____ DATA

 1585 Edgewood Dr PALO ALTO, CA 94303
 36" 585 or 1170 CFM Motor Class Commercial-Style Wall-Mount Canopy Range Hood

________
____ DATA

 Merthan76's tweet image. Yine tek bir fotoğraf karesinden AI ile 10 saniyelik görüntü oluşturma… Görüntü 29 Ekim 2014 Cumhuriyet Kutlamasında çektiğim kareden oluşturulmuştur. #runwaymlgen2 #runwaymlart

________
____ DATA

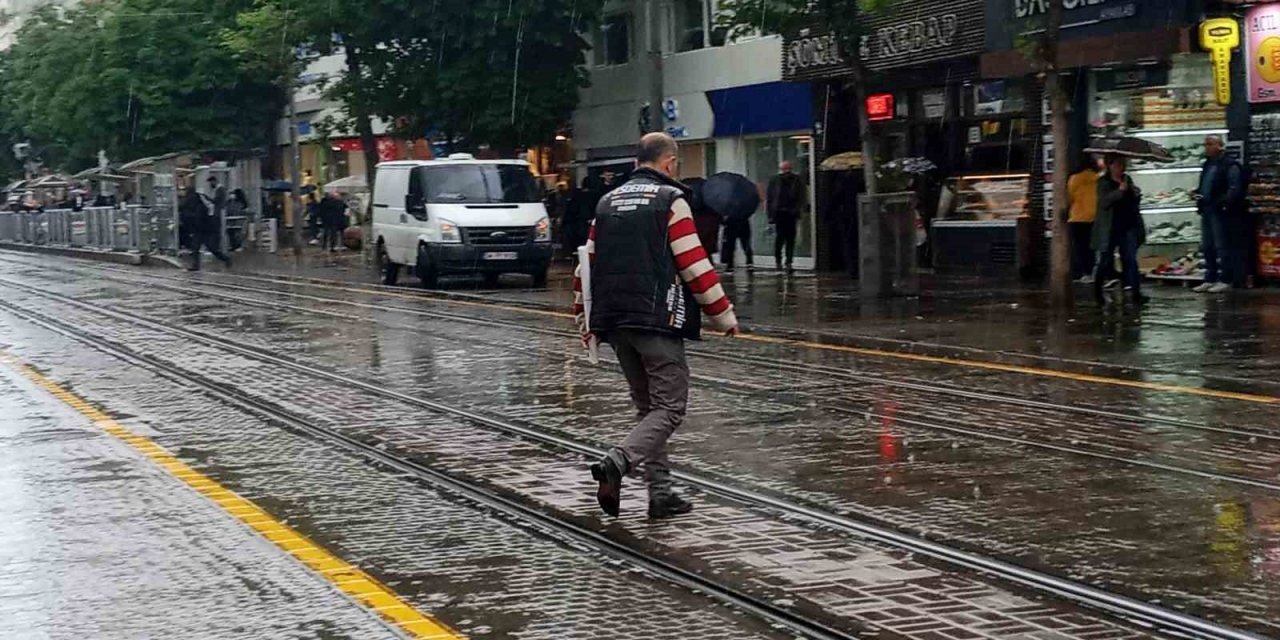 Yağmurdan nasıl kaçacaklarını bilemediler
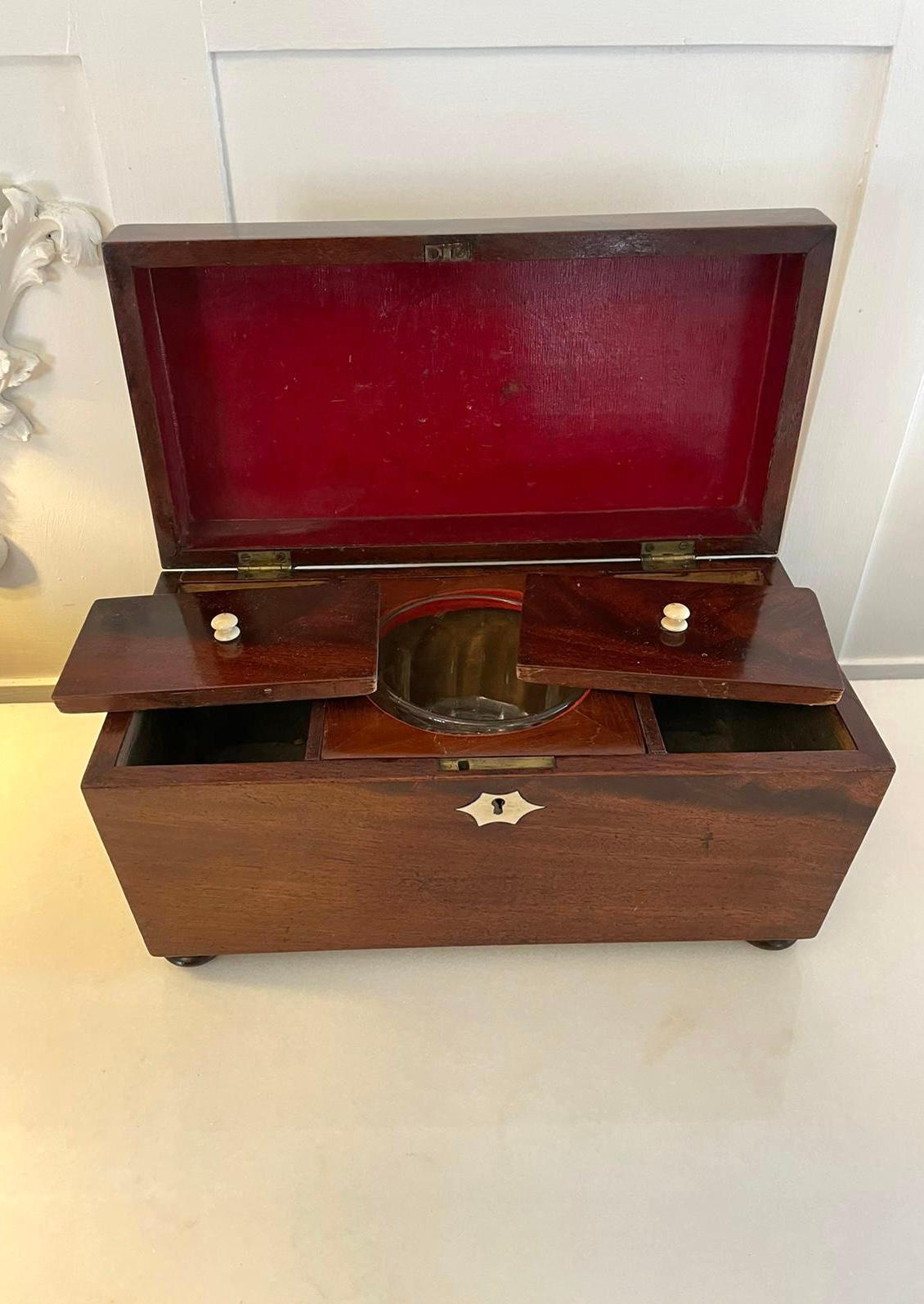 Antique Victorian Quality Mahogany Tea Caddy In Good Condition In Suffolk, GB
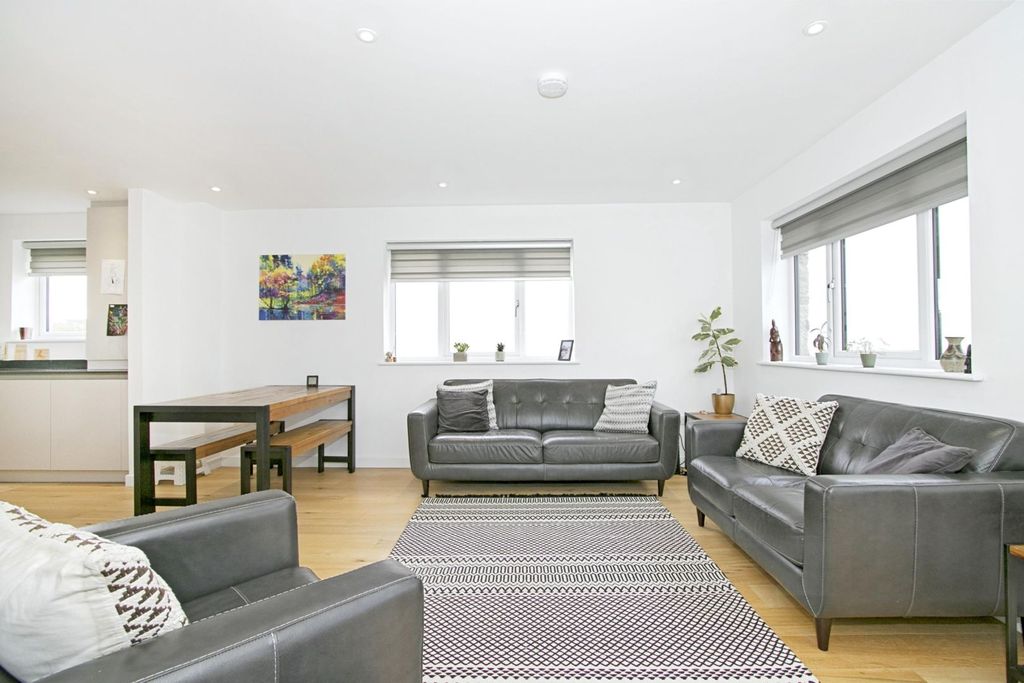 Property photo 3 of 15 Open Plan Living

________

WHAT THE TASK REQUIRES:
Copy the records above exactly, beginning at the line that contains "1585 Edgewood Dr PALO ALTO, CA 94303" and stopping after the line that contains "Canopy Range Hood".

EXERCISE SOLUTION:
 1585 Edgewood Dr PALO ALTO, CA 94303
 36" 585 or 1170 CFM Motor Class Commercial-Style Wall-Mount Canopy Range Hood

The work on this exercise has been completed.